でも、どうしてもできる限りは治しておきたかった。
「綺麗な金色の髪だね。夢が叶って良かったね、リリア」
父は私を見て優しく微笑む。
それがとても切なくて、私は涙を堪え続けるのが苦しかった。
「夢……だったのかな。こうなりたかったのは、それほど素敵な言葉で表すようなものではなかった気がするけれど」
「目標を持って何かを頑張ることは素敵なことだよ。次は、どんな夢にするんだい?」
夢――なんて考えたこともなかったから、しばらく考え込んでしまった。
にこにこと答えを待つ父に若干の気恥ずかしさを感じながら、私は口を開いた。
「……子どもを産んで、私も尊敬されるような親になりたいわ」
私の正直な答えに父は一瞬目を見開いた後、嬉しそうに笑った。
「孫が楽しみだね。でも、その前にそろそろランスロット君のことを名前で呼んであげたらどうかな?」
父のいろいろ含んだ視線に私は言葉を詰まらせてしまい、何とか言い訳を探して目線を虚空に彷徨わせた。
彼と出会ってもう十年になろうとしているが、実は私は彼の名前を一度も呼んだことがない。
いつも彼は私が呼びかける前に振り返るから「貴方」という代名詞でも不便はしなかったし、母と父に彼のことを聞くときも「彼は?」で通じていたし。

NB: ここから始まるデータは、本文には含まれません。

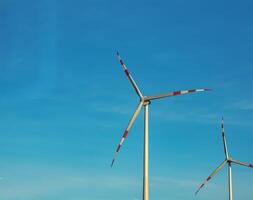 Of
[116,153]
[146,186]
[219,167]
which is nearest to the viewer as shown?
[146,186]

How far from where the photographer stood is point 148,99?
7562 centimetres

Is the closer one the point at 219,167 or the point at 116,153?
the point at 116,153

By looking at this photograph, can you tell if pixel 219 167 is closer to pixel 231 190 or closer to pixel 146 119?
pixel 231 190

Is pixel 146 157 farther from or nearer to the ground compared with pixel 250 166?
nearer to the ground

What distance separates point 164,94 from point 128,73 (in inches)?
282

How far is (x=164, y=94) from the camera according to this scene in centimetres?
7644

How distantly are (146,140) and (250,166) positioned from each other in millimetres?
57393

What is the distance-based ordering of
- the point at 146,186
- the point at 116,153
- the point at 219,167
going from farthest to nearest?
the point at 219,167 → the point at 116,153 → the point at 146,186

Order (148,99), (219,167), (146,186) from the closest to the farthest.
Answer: (146,186) → (148,99) → (219,167)

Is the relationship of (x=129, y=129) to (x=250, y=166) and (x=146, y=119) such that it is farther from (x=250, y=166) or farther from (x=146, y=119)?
(x=250, y=166)

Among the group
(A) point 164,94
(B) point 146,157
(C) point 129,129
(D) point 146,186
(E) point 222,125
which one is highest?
(E) point 222,125

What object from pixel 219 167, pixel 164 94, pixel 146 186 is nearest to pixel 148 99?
pixel 164 94

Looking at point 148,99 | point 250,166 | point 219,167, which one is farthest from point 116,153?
point 250,166

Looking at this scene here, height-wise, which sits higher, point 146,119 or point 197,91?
point 197,91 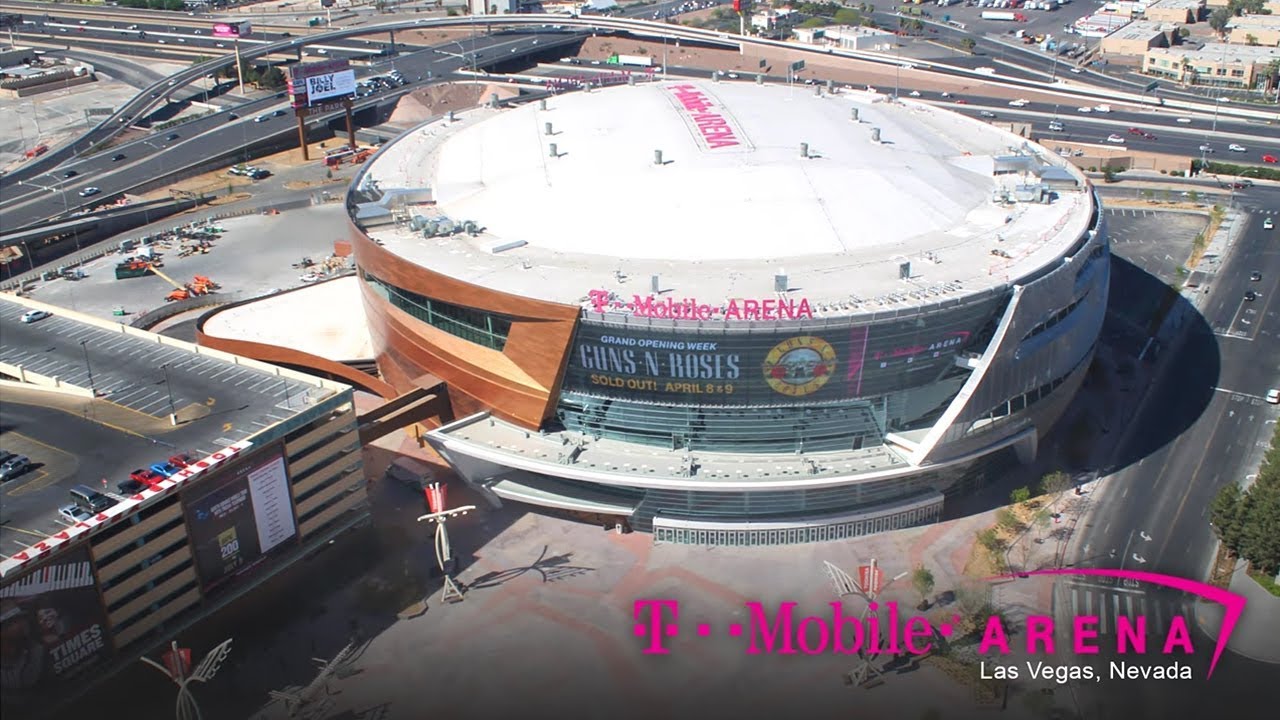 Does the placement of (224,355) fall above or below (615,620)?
above

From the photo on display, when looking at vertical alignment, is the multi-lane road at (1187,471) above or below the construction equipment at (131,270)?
below

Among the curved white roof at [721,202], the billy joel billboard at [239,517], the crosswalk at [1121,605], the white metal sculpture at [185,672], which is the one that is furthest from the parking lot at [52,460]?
the crosswalk at [1121,605]

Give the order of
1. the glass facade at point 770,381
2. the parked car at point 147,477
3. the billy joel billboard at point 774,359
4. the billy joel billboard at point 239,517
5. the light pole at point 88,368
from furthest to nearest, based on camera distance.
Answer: the light pole at point 88,368, the glass facade at point 770,381, the billy joel billboard at point 774,359, the billy joel billboard at point 239,517, the parked car at point 147,477

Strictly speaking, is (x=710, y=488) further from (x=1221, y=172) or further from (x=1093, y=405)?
(x=1221, y=172)

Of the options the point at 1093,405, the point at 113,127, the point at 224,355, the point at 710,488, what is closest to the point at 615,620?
the point at 710,488

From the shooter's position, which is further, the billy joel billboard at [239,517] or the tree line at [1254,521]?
the tree line at [1254,521]

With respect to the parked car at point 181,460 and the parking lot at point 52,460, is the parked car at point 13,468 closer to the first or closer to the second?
the parking lot at point 52,460

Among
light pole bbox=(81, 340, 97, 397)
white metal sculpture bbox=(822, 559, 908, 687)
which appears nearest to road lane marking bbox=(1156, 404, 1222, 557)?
white metal sculpture bbox=(822, 559, 908, 687) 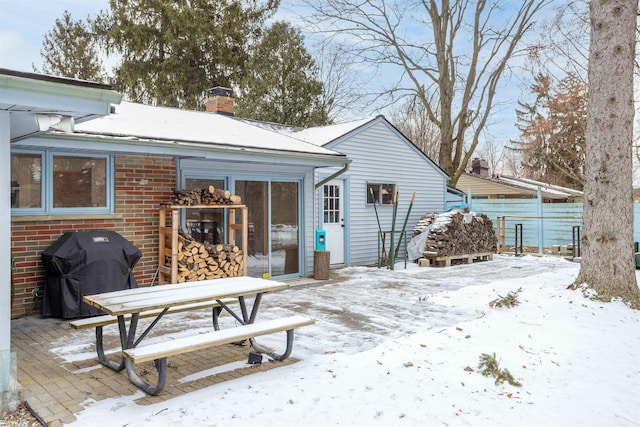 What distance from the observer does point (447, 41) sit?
18031 mm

ゲームの中のリリアのように、「お兄様」と実際に呼びかけたこともなかった。
名前を呼ばない理由は、最初にタイミングを逃したからというか、私の感情的な問題というか。
「……そうね。よく考えると、エリクシル剤は私が飲んだ訳ではないし、私が高価な薬の対価にオルトランド公爵家の養女にならなきゃいけない理由はなくなったのよね。もう兄にならないのなら、そろそろ名前を呼んでもいいのかしら」
「おい。何、真剣に考え込んでんだよ。なかなか名前で呼ばないなと思っていたら、そんなことを考えていたのか」
不機嫌さを装いながらもどこか隠し切れていないトーンの声が聞こえて振り向けば、着替え終わった彼がちょうどドアを開けて入ってきた。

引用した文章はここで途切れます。